'''
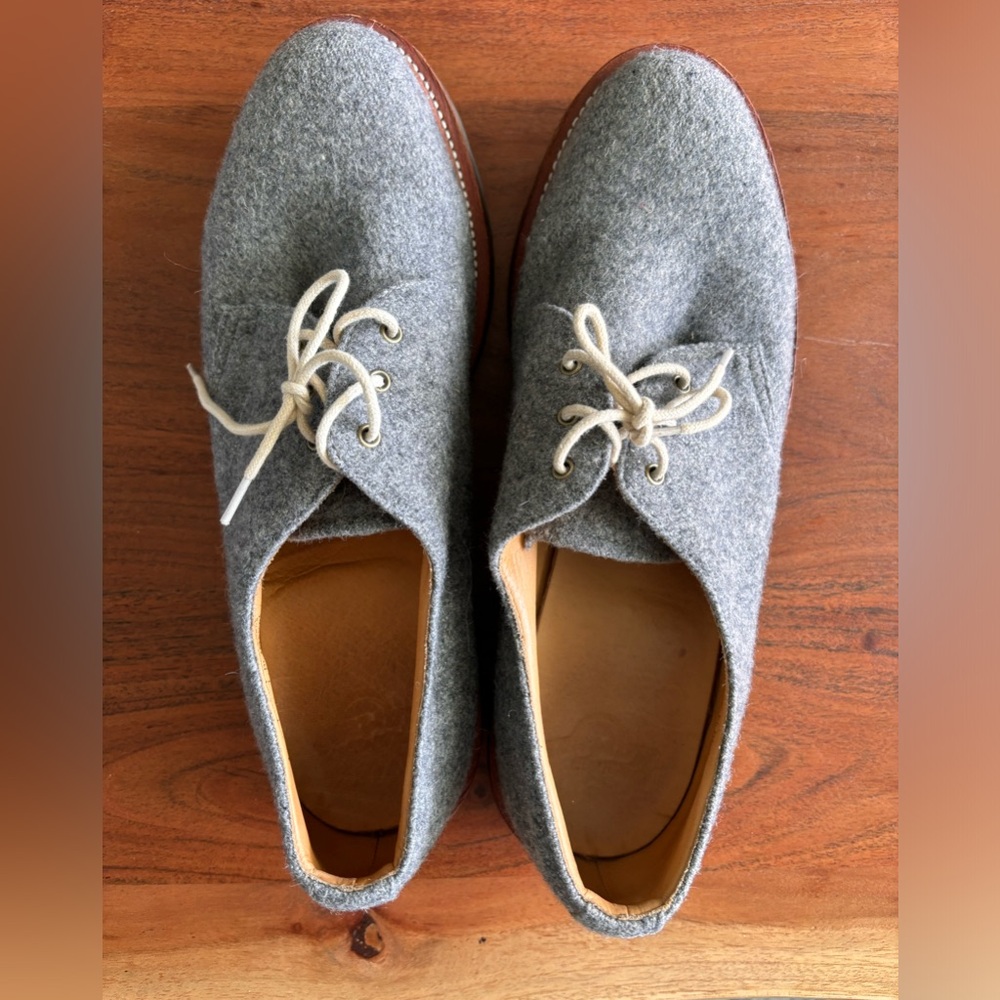 Dr. Martens The Original Shoe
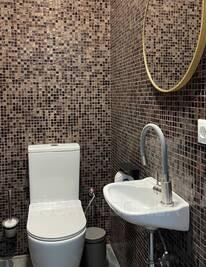 Сауна Мечты відгуки, лазня/сауна Киев Шевченковский район ул. Мечты, 18-Д, фото, адреса з картою проїзду.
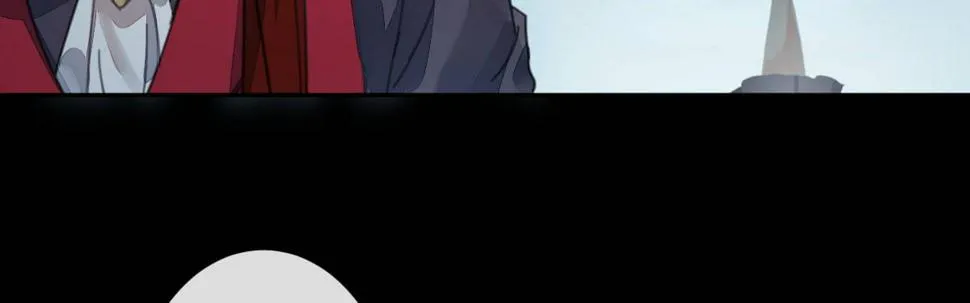 第二十一曲：点化 第118页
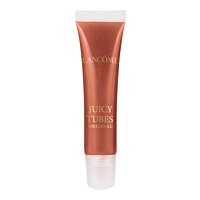 Lancome Juicy Tubes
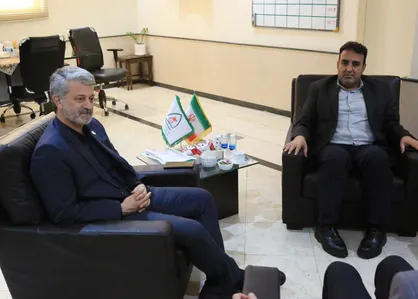 دومین جشنواره ورزشی "قهرمان روستا" در سال ۱۴۰۵ برگزار خواهد شد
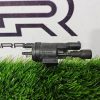 Клапан вакуумный Mercedes M654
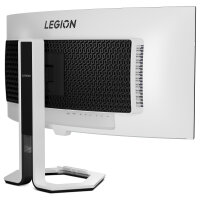 Lenovo Monitor OLED Legion 34WD-10 34WD10 (67C9UAC1EU)
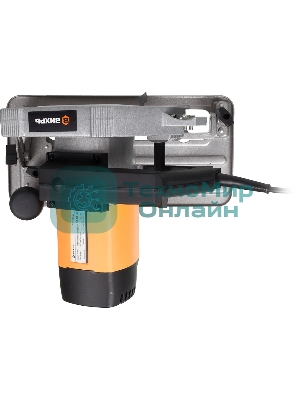 Дисковая пила Вихрь ДП-200СТ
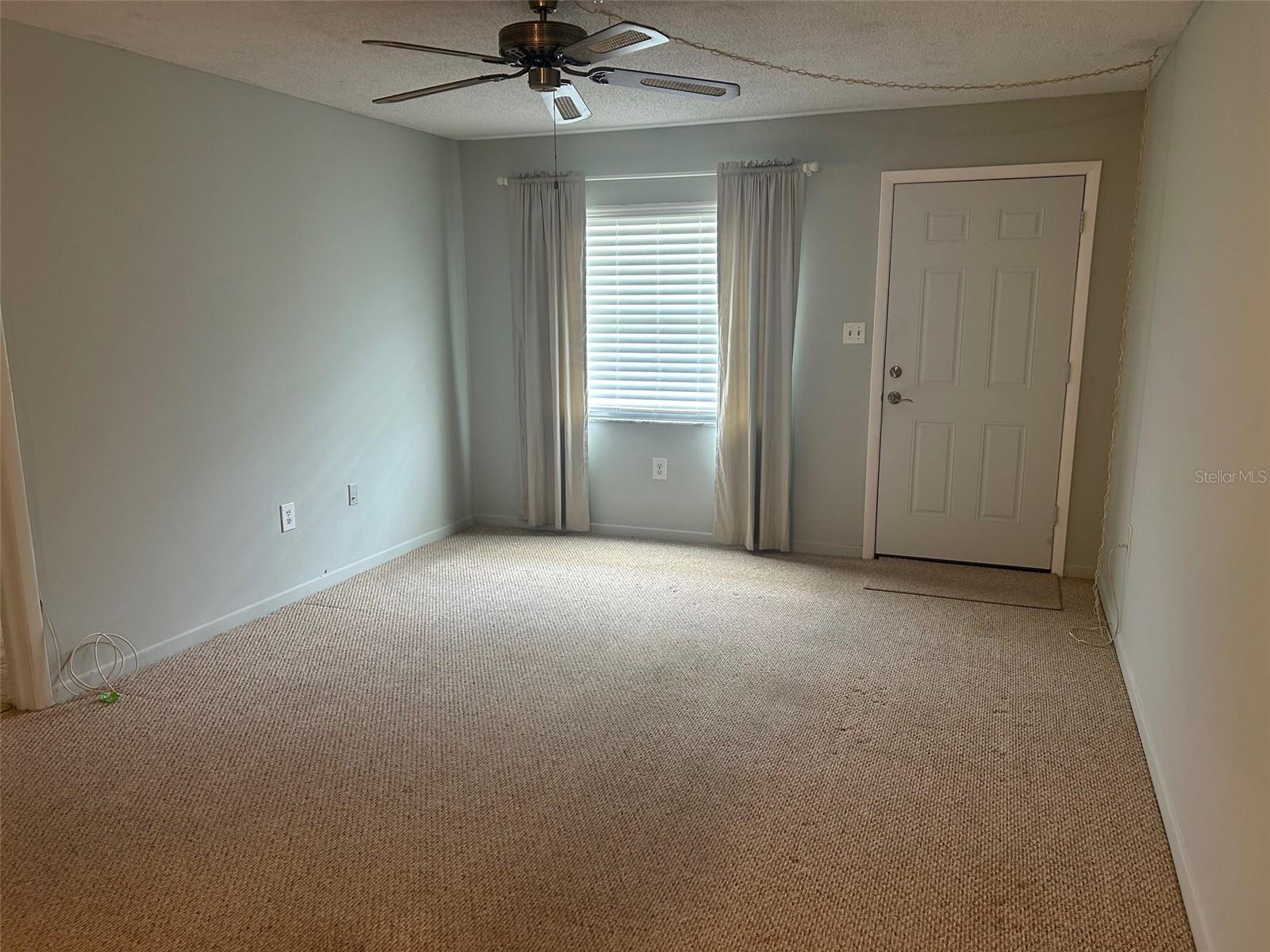 10116 TULIP STREET N 10116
'''
§ **What you have to do**: Once you find the line with "第二十一曲：点化 第118页", restate it and every later line of the data word for word, excluding the pictures.

§ **Result**:
 第二十一曲：点化 第118页
 Lancome Juicy Tubes
 دومین جشنواره ورزشی "قهرمان روستا" در سال ۱۴۰۵ برگزار خواهد شد
 Клапан вакуумный Mercedes M654
 Lenovo Monitor OLED Legion 34WD-10 34WD10 (67C9UAC1EU)
 Дисковая пила Вихрь ДП-200СТ
 10116 TULIP STREET N 10116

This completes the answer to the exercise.